Par un mémoire en défense, enregistré le 1er juillet 2025 à 12h00, le préfet du Finistère demande au tribunal de rejeter les conclusions présentées par M. A.
Il soutient que les moyens soulevés ne sont pas fondés.
Des pièces, enregistrées le 1er juillet 2025 à 13h53 et à 14h11, ont été présentées pour le préfet du Finistère.
Vu :
— l’ordonnance du 28 juin 2025 par laquelle la vice-présidente près le tribunal judiciaire de Rennes, chargé du contrôle des mesures privatives et restrictives de liberté prévues par le code de l’entrée et du séjour des étrangers et du droit d’asile, a prolongé la rétention de M. A pour un délai de vingt-six jours à compter du 27 juin 2025 à 14h00 ;
— l’ordonnance du 30 juin 2025 par laquelle le conseiller délégué par le premier président de la cour d’appel de Rennes a rejeté l’appel formé par M. A contre l’ordonnance du 28 juin 2025 de la vice-présidente près le tribunal judiciaire de Rennes ;
— les autres pièces du dossier.
Le président du tribunal a désigné M. Labouysse, président, pour statuer sur les recours prévus par les dispositions des articles L. 922-1 à L. 922-3 et R. 922-17 du code de l’entrée et du séjour des étrangers et du droit d’asile.
Les parties ont été régulièrement averties du jour et de l’heure de l’audience.

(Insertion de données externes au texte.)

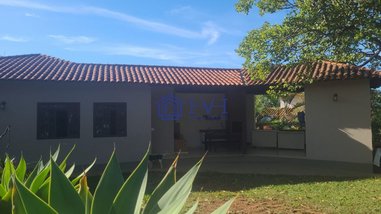 house em Alameda dos Cedros, Parque Residencial Vivendas - Lagoa Santa - MG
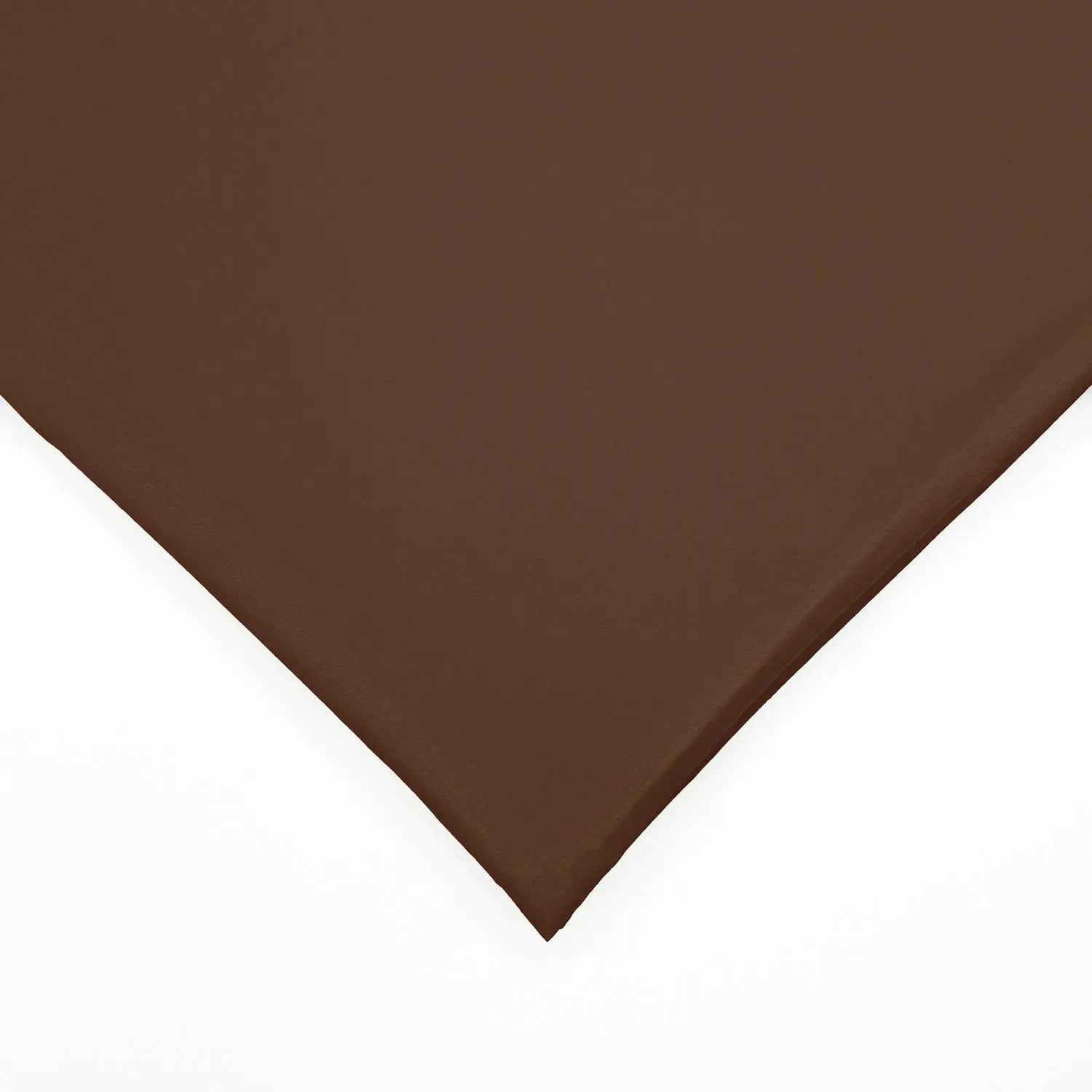 100% Cotton Percale Fabric | 44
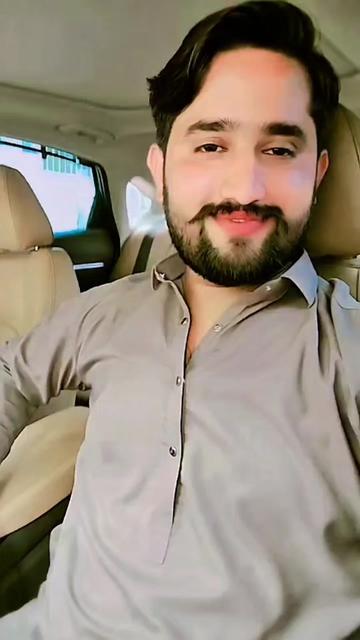 @乂🥷︻╦̵̵͇̿̿̿̿╤──💥شیخ صاحب.595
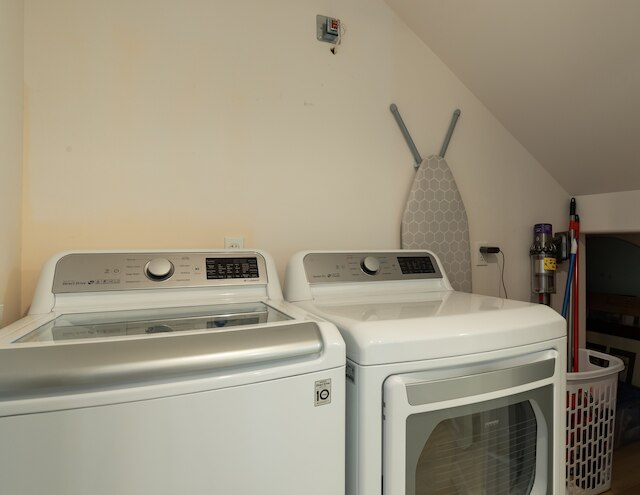 ビューティフル リゾート - エアコン - ビーチ と レストラン まで 歩いて行ける - Vrkcv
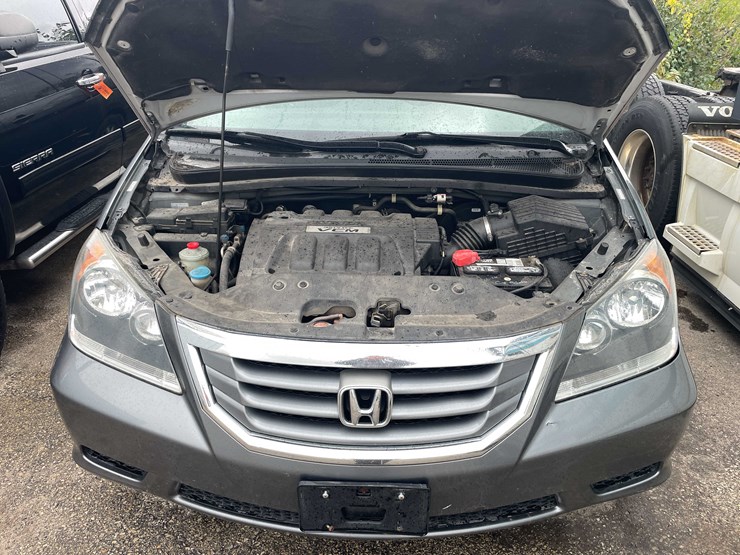 2009-honda-odyssey-image-162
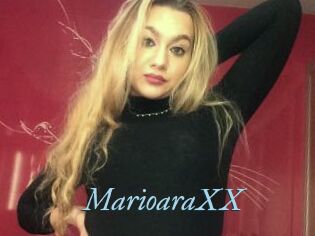 MarioaraXX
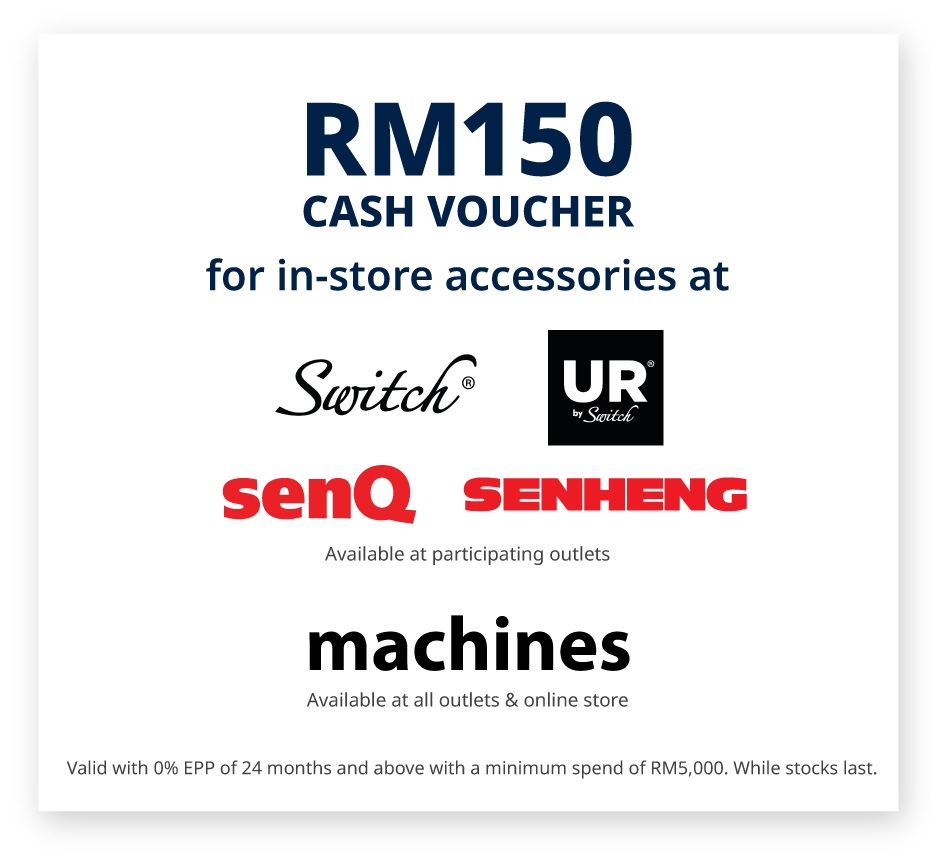 cards iphone 17 rm150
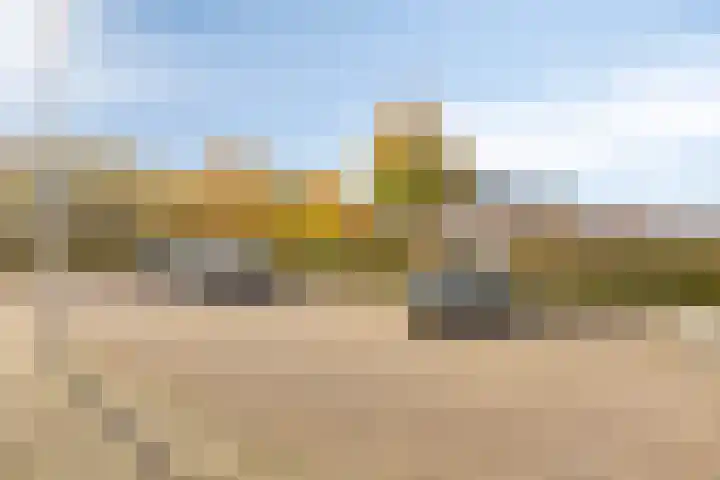 Huijbergseweg 79 Hoogerheide thumbnail 54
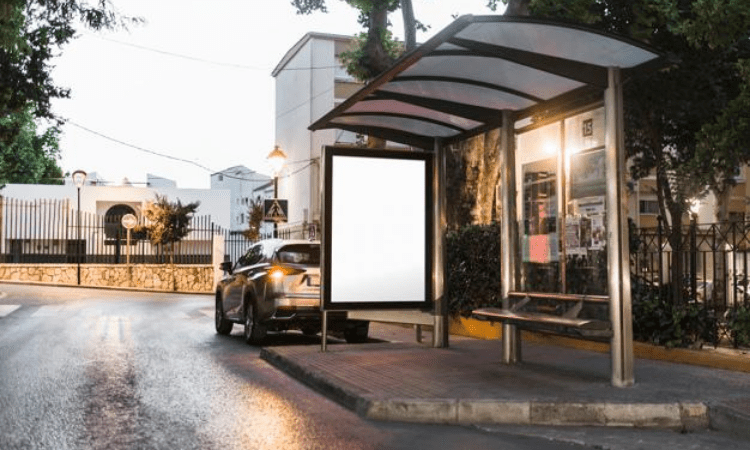 Chandni Chowk to be non-motorized zone from 9 a.m. to 9 p.m.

Ont été entendus au cours de l’audience publique :
— le rapport de M. Labouysse ;
— les observations de Me Sophie Maral, représentant M. A, à qui les pièces enregistrées le 1er juillet 2025 à 13h53 et à 14h11 ont été communiquées avant l’audience, qui reprend les conclusions de la requête et développe les moyens suivants :
• la décision attaquée est entachée d’un défaut de motivation et d’examen sérieux dès lors que le préfet qualifie à tort de contradictoires les éléments avancés par M. A d’une audition à l’autre concernant ses attaches familiales dans son pays d’origine, la discordance entre les informations données s’expliquant seulement par l’évolution de la situation ;
• la décision attaquée méconnaît le droit d’être entendu dès lors qu’il n’a pas bénéficié d’un interprète alors qu’il ne parle pas et ne comprend pas le français ;
• la décision attaquée méconnaît l’article 8 de la convention européenne de sauvegarde des droits de l’homme et des libertés fondamentales dès lors qu’il n’a plus d’attaches familiales dans son pays d’origine, ses parents étant décédés et que les autres membres de sa famille résident en Espagne ;
— les observations de M. A, assisté de M. C F, interprète en langue arabe : Il indique qu’il souhaite rester en France pour poursuivre sa formation au métier de carrossier qu’il a débutée en prison tout en soulignant qu’il peut partir en Espagne pour rejoindre les membres de sa famille ;
— les observations de Mme B H, représentant le préfet du Finistère qui maintient les conclusions tendant au rejet de la requête. En réponse à l’argumentation de Me Maral, elle indique que :
• aucun document ne permet d’établir la réalité des allégations concernant les attaches familiales du requérant ;
• M. A n’avait pas besoin d’un interprète dès lors qu’il a déclaré dans son audition du 12 décembre 2024 qu’il maitrisait la langue française ;
• le moyen tiré de la méconnaissance de l’article 8 de la convention européenne de sauvegarde des droits de l’homme et des libertés fondamentales est inopérant ; en tout état de cause, il n’est pas fondé.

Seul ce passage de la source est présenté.